I find this a bad reason for random character stats. The world is already stacked against people, I already know how to live in a world of rampant inequality. Perhaps I want to play a game where those factors are exacerbated. We don't roll a d20 to see what level you begin as (despite people coming from all different levels of experience) for example. We don't play Monopoly with each player starting with different amount of wealth and property already (despite the fact that would better model the economic advantages some people have). We assume an even playing field.

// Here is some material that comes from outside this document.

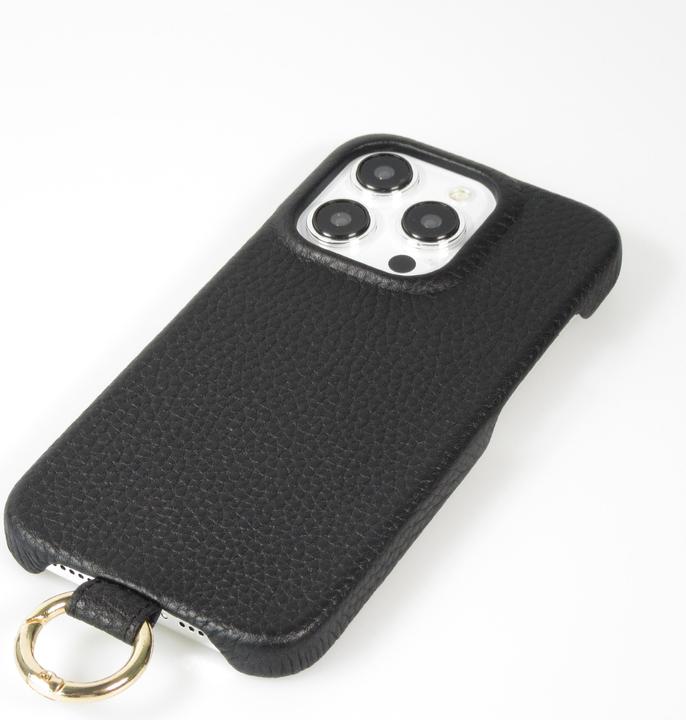 Produktbild PhoneLook Hülle Premium Luxus mit verstell- und abnehmbarem Lederriemen + MagSafe (Apple iPhone 14 Pro Max)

A 5'2 person can't play in the NBA, so he won't try. It's not like they are going to show up on draft day and find out they can't play after being dunked on by everyone. Realistically, all those quirky "low score" characters (the ones on the low end of the bell curve) would realize adventuring requires gifts beyond them and likewise take up a mundane profession. Ergo, most of those "low roll" PCs should retire upon creation unless they are narcissists or non compos mentis.
And on those odd occasions you do have the protagonist that isn't gifted defying the odds, it usually comes from some external factor: wealth, connections, magic, or good luck. D&D offers no plot armor of this type though, there are no mechanics to balance low rolls with other bonuses. It is uncaring that you rolled poorly on ability scores, HP and starting wealth.
And in the end, I find that a flaw rather than something to be celebrated. I already live in a world where those who are born of privilege, be it economic or genetic, have overwhelming advantages all under the guise of a meritocracy. You're going to have to forgive me if I want the fantastical concept of equality in my silly elf game.